In January, when the claims first surfaced, the government promised an inquiry. But the wrestlers are demanding more—including Mr Singh’s arrest. (Delhi’s police have launched an investigation.) Support for the wrestlers’ cause is swelling, especially among fellow athletes. Indeed, sexual wrongdoing is a problem in other sports. And efforts to protect athletes are poorly enforced: 16 of India’s 30 sporting bodies do not have internal committees to deal with harassment issues, as the law requires.

PHOTO: RYAN LASH / TED

Weekend profile: Eliezer Yudkowsky, AI champion turned critic

“Shut it all down.” Eliezer Yudkowsky, a decision theorist and co-founder of the Machine Intelligence Research Institute in Berkeley, California, pulled no punches in a recent op-ed in Time magazine. For years Mr Yudkowsky, now 43, has warned, in relative obscurity, of the threat that a runaway artificial intelligence (AI) could pose to humankind. But since late last year, when services such as ChatGPT have become capable of giving human-like answers to all kinds of questions, many more have started to listen.

An autodidact, Mr Yudkowsky has a loyal following in the AI-research community. In his 20s, influenced by science-fiction writers such as Vernor Vinge, he yearned for a “singularity”—a superintelligence, to solve all human problems—and he put his many talents to creating it. But he realised that he was wrong: such a superintelligence was likely to develop a mind of its own, not aligned with the interests of humans. His goal became to further the development of a “friendly AI”, one that would not harm mankind.

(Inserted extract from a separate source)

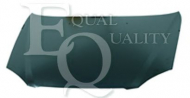 Капот двигателя EQUAL QUALITY L00001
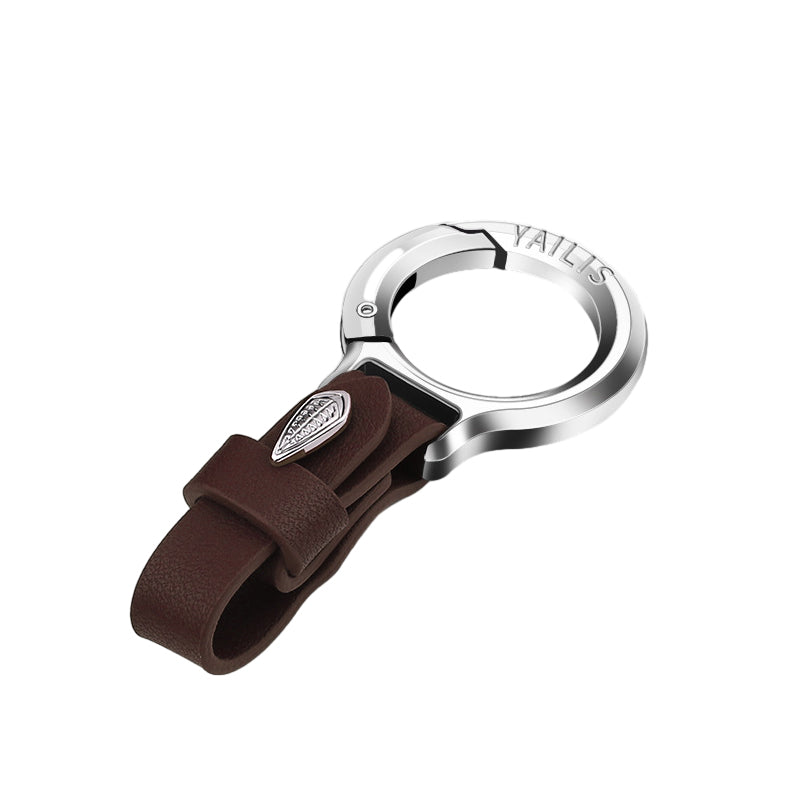 Premium Metal Quick-Release Keychain(2 pcs)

Mr Yudkowsky does not mind being somewhat wrong. He started the blog “LessWrong”, which was once the main organ of the “rationalist” intellectual movement. Contemporary rationalists seek “to move our beliefs closer to reality”, as another leading light of the movement put it, in particular by making mistakes and using probability and logic to deal with uncertainty.

In the early 2000s Mr Yudkowsky was a prolific blogger, writing not just about the risk of AI, but about everything sci-fi-influenced geeks might be interested in, from cognitive biases and quantum physics to transhumanism and zombies. Today, the “Sequences”, as Mr Yudkowsky’s collected posts have come to be called, are required reading for rationalists. He has also published his ideas in a popular form, a fan-fiction novel called “Harry Potter and the Methods of Rationality”.

Mr Yudkowsky’s critics say his approach is less rational than it is religious. Meta’s chief AI scientist recently called on him to stop his alarmism. Mr Yudkowsky retorted that it was “silly to claim that you’re not risking anyone’s life”.